Since my faithful Suits days, I’ve been a fan of Rachel Zane and Meghan Markle. Since I first saw Prince Harry’s charming smile, and his full ginger head in comparison to brother William’s *coughs* balding *coughs* head 🙊, I’ve loved him, his not-your-regular-waves-and-smiles royal self, and his humanitarian efforts!
The first time I saw the news of Harry and Meghan seriously dating, I was like 😧!! How did that even happen?? They aren’t from vastly different worlds, seeing how they’re both celebrities in their rights. But how did they even meet???? I was stunned more than I can tell.
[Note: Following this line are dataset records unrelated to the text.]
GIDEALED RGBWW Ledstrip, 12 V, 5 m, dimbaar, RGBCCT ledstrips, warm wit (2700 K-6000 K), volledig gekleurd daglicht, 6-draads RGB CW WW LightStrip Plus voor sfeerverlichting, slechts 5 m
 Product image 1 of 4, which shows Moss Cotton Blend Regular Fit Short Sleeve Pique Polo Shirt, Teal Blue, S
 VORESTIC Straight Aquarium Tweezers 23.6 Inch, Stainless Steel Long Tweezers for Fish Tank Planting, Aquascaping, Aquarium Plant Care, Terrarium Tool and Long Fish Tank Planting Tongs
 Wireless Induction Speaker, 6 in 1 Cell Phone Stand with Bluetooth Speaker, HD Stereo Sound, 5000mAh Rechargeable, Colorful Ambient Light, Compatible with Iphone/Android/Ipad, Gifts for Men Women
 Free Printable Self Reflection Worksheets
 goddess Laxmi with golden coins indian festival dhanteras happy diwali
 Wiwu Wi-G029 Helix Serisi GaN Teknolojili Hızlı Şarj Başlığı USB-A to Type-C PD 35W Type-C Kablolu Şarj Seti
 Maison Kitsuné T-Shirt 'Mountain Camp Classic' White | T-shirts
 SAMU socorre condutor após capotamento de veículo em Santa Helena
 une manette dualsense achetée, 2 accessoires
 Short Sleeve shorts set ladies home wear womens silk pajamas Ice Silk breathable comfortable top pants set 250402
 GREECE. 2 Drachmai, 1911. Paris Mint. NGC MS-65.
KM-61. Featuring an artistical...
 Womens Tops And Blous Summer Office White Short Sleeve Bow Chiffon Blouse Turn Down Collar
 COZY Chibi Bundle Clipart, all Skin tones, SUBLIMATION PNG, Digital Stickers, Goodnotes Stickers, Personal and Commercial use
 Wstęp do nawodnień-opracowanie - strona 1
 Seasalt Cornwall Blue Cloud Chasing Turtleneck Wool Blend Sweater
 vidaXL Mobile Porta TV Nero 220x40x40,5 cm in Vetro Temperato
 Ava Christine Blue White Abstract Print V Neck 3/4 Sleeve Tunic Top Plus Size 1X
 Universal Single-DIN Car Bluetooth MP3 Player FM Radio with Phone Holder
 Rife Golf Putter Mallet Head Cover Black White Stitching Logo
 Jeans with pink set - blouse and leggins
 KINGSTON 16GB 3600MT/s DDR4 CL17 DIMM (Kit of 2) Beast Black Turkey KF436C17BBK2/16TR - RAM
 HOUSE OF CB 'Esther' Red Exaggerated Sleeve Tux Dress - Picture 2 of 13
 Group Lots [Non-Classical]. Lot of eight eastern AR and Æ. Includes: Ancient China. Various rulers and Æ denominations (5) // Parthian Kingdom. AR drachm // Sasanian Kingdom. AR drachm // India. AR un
Fast forward to when they decided to announce that they’d be getting married. I was like, back up. I don’t see how they fit into each other’s lives. Meghan’s probably going to have to give up her American free life for a subtle, tamed royal one. But I can’t even see how they fit together 😕. So I started to ask myself, do you like one of these two more than the other and maybe feel one would end up being insufficient or too much for the other? Is that it?
After more deeply analytical thought than I’d like to admit 🙊, I came to the conclusion that I was simply paranoid that the 21st C’s culture of irretrievable breakdown of marriage would creep up on them, given that they’re from two different planets. The one prayer I have for this globally sentimental couple is that their marriage will forge ahead of their background differences, and that the media won’t get between them when they incessantly start to dig through this life and beyond to find things to tear them apart or to cause “royal drama”.
Now those are my thoughts on the royal wedding 😁.
The second part of my narrative today is to address these cries of “change”, “everything changes”, “this is the beginning of change” and all the other change-related epiphanies people are suddenly having about what this wedding symbolises.
Abeg, which change are you people talking about? Let me in on it ☹️.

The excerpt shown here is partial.